Posted April 27, 2020

Mark Bourrie’s Bush Runner: The Adventures of Pierre-Esprit Radisson was named the winner of the RBC Taylor Prize for excellence in literary non-fiction at an event held early in March.

It had earlier been announced that this would be the last edition of the Taylor Prize, initially awarded in 2000 in honour of Canadian writer Charles Taylor. Bourrie’s biography of Pierre-Esprit Radisson, a Hudson’s Bay Company co-founder, was excerpted in the June-July 2019 issue of Canada’s History magazine. You can read the excerpt online.

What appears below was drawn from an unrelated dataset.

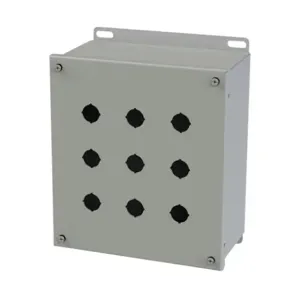 SAGINAW SCE-9PBXI Pushbutton Enclosure, 9 Holes, 22mm, 10 x 9 x 5 Inch Size, Wall Mount, Carbon Steel | CV6RGZ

Early in April, finalists were announced for the 2020 J.W. Dafoe Book Prize for the best book on Canada, Canadians, or Canada’s place in the world — and they include three Canadian history titles: Canada on the United Nations Security Council: A Small Power on a Large Stage, by Adam Chapnick; The Good Fight: Marcel Cadieux and Canadian Diplomacy, by Brendan Kelly; and Moved by the State: Forced Relocation and Making a Good Life in Postwar Canada, by Tina Loo.

Meanwhile, the Canadian Historical Association has announced the finalists for the CHA Best Scholarly Book in Canadian History Prize, and Loo’s book Moved by the State is included on that list.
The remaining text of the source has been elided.